It is known that Dmab and ZA share many similar AEs. In our study, we conducted a comparative analysis to assess the signal strength of AEs between these two drugs. Among the signals of Dmab stronger than ZA (d > 20), the significant signals were exostosis of jaw, atypical fracture, and atypical femur fracture, suggesting that Dmab may be more prone to these AEs than ZA. Exostosis of jaw may be associated with the widely recognized osteonecrosis of the jaw (ONJ), which is a rare but serious side effect of anti-bone resorption inhibitors. Although a study demonstrated that patients with bone metastases treated with Dmab or ZA had similar incidences of ONJ (Nicolatou-Galitis et al., 2019), a meta-analysis of patients with solid tumors found that the use of Dmab was linked to a significantly higher risk of ONJ compared to ZA (Boquete-Castro et al., 2016).
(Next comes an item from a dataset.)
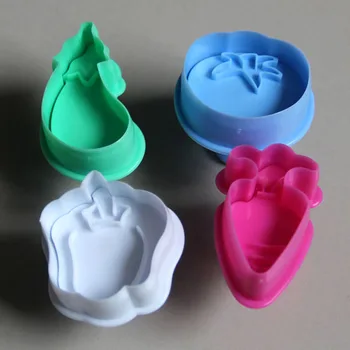 

(12sets/lot)Free Shipping FDA High Quality 4pcs Plastic Vegetable Shape Cookie Stamps Mold set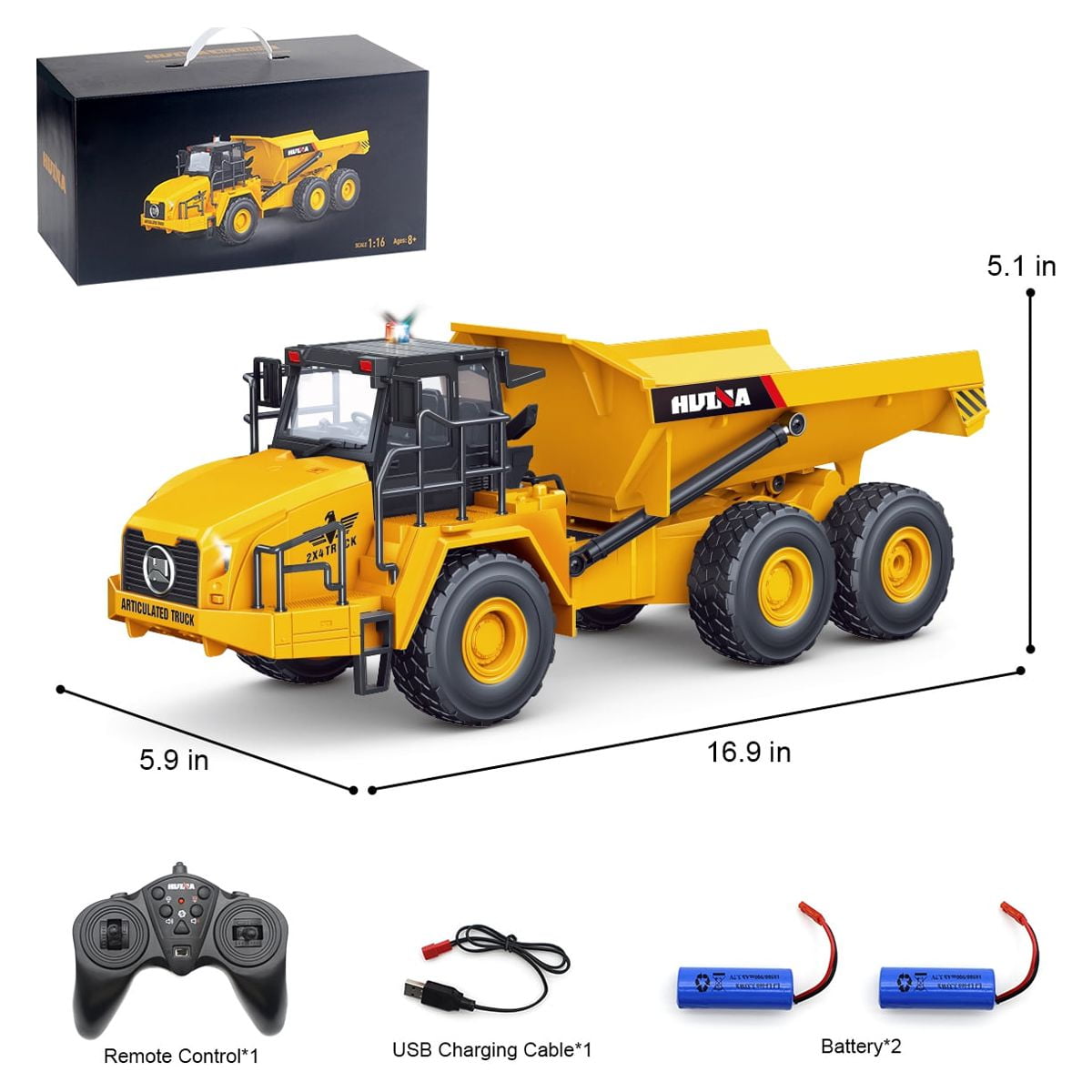 Fisca Remote Control Dump Truck, 6 Channel RC Construction Vehicle with Lights and Sound (Yellow, 15.55 in) tbofd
It is important to note that the incidence of ONJ may also be related to the dosage and duration of drug exposure (Khan et al., 2015). Thus, long-term and high-dose use of Dmab or ZA requires vigilance against ONJ. In contrast, the signals of ZA stronger than Dmab (d > 50) were mostly related to oral problems, which may also have potential implications for ONJ. Regular dental examinations should be conducted when using Dmab and ZA.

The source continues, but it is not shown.